1 tbsp. unflavored gelatin
1/4 cup cold water
3 egg yolks
3/4 cup Sioux Bee Honey
1 1/2 cups canned pumpkin
1/2 cup milk
1/2 tsp. salt
1 tsp. cinnamon
3 egg whites
3 tbsp. sugar
1 9" baked pie shell

Soak gelatin in cold water for 5 minutes. Beat egg yolks and combine with honey, pumpkin, milk, salt and cinnamon in top of double boiler. Cook until thick, stirring constantly. Add softened gelatin and stir until dissolved. Beat egg whites until frothy; add sugar gradually and continue beating until they will stand in stiff peaks. Fold the meringue into pumpkin mixture. Fill pie shell. Chill for several hours.


Everything I know about cooking I learned by watching my grandmothers and my mother. You, too?


Recipe via Vintage Ad Browser
Image via Tip Nut

Pumpkin Dream Pie

Pumpkin pie ad with recipe

Pumpkin Dream Pie

recipe from 1959 Jell-O advertising

1 pkg. Dream Whip
1/2 cup milk
1/2 tsp. vanilla
2/3 cup milk
1 pkg. Jell-O Instant Vanilla Pudding
1 cup canned pumpkin
3/4 tsp. pumpkin pie spice
1 baked 8-inch pie shell (cooled)

Prepare Dream Whip with 1/2 cup milk and the vanilla as directed on pkg. Combine 1 cup of the prepared Dream Whip with the Jell-O Instant Pudding, 2/3 cup milk, pumpkin and spice. Beat slowly with egg beater just until well mixed — about 1 minute. Pour into pie shell. Chill in refrigerator until set — about 2 hours. Top with remaining Dream Whip. Serves 6.


I think this 1953 mom has a pie in the oven, if you get my drift.


Image via Digital Gallery

Pumpkin pie season is here

Here's the first in a series of pumpkin pie recipes from old advertising.

Pumpkin pie

Impossible Pumpkin Pie
recipe from 1980s Bisquick advertising

3/4 cup sugar
1/2 cup Bisquick baking mix
2 tbsp. butter
1 can (10 oz.) evaporated milk
2 eggs
1 can (16 oz.) pumpkin
2 1/2 tsp. pumpkin pie spice
2 tsp. vanilla

Heat oven to 350˚. Grease pie plate, 9 x 1 1/4 or 10 x 1 1/2 inches. Beat all ingredients until smooth, 1 minute in blender on high or 2 minutes with hand beater. Pour into plate. Bake until knife inserted in center comes out clean, 50 to 65 minutes.

High Altitude: Heat oven to 375˚. Bake 45 to 50 minutes.


I don't know about your grandmother but mine didn't use baking mixes. She made crusts from scratch. With lard. And they were amazing.

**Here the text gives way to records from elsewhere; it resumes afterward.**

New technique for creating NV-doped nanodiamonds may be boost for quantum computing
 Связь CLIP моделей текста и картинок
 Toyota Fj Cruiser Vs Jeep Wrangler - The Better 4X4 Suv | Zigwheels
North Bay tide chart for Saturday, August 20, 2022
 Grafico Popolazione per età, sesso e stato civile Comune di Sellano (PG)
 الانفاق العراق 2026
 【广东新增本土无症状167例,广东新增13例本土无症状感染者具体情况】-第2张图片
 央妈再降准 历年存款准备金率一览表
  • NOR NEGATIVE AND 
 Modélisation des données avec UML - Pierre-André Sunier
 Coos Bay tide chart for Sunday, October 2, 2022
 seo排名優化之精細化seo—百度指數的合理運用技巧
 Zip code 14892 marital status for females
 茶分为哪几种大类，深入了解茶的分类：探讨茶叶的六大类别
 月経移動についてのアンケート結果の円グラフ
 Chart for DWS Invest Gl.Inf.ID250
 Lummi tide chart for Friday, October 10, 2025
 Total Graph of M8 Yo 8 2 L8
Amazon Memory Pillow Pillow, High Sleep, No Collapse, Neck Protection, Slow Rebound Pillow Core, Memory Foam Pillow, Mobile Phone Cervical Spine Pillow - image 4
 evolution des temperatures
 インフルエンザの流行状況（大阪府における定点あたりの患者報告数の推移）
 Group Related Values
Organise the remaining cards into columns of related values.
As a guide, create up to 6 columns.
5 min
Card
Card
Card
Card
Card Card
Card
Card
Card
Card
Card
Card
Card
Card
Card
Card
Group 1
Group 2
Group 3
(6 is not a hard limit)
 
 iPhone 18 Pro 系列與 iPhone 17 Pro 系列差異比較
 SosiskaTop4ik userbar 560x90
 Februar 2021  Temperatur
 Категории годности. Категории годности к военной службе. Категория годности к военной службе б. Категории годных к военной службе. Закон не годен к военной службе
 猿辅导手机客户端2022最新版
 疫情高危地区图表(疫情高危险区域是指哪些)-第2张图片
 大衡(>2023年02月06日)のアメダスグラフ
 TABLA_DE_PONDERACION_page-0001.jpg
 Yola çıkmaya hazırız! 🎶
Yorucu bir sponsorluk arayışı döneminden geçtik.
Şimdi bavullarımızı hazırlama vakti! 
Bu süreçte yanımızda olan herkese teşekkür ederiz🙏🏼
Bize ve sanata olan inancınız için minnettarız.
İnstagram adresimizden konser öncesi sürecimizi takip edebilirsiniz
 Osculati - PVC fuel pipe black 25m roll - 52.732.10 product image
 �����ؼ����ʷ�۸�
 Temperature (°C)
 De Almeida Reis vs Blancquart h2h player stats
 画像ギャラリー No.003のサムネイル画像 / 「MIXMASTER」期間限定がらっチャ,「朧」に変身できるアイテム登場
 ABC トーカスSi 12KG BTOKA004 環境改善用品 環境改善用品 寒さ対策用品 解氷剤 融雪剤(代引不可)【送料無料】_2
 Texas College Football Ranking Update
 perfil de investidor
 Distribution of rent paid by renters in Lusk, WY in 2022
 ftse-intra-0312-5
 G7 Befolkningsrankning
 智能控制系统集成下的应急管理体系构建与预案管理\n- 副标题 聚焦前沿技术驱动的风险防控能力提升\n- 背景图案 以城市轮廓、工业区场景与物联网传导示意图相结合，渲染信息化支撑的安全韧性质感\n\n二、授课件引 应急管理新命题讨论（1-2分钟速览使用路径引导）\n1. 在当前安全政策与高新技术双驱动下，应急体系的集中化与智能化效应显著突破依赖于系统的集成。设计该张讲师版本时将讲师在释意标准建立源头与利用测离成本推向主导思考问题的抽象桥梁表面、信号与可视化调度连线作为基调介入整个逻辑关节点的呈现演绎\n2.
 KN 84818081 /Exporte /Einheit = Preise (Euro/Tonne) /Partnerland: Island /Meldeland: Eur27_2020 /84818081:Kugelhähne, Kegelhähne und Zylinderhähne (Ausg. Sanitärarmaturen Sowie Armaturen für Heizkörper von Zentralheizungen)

Recipe via Dying in Downey
Image via Brown-eyed Baker

Retro Coffee Cake

Say good morning to pineapple coffee cake.


Easy Pineapple Coffee Cake
recipe from 1964 Dole advertisement

1 20-oz. can Dole Crushed Pineapple
2 cups biscuit mix (Bisquick will do)
1 large egg
1/4 cup white sugar
1/4 cup brown sugar
1/4 tsp. cinnamon or 1 pinch freshly grated nutmeg

Drain pineapple, saving 2/3 cup of syrup.

Thoroughly mix the syrup, biscuit mix, egg and white sugar. Pour into greased 8- or 9-inch square pan. Cover the top evenly with the crushed pineapple. Sprinkle with the brown sugar and a little cinnamon or nutmeg. 

Bake at 400˚ for 25 to 30 minutes. 

Via Mr. Breakfast

German Sweet Chocolate Pie

If you're dieting, move along, nothing to see here.


German Sweet Chocolate Pie
recipe from 1994 advertising

1 pkg. (4 oz.) Baker's German's Sweet Chocolate
1/3 cup milk, divided
4 oz. Philadelphia Brand Cream Cheese, softened
2 tbsp. sugar
1 tub (8 oz.) Cool Whip Lite
1 Keebler Ready Crust Graham Cracker Pie Crust (6 oz.)
Additional Cool Whip for topping

Microwave chocolate and 2 tbsp. of the milk in a large microwavable bowl on HIGH for  1 1/2 or 2 minutes or until chocolate is almost melted, stirring halfway through heating time. Stir until chocolate is completely melted.

Beat in cream cheese, sugar and remaining milk until well blended. Refrigerate 10 minutes. Stir in Cool Whip until smooth. Spoon into crust.

Freeze 4 hours or until firm. Garnsh with additional Cool Whip if desired. Let stand at room temperature 15 minutes or until pie can be cut easily. Makes 8 servings.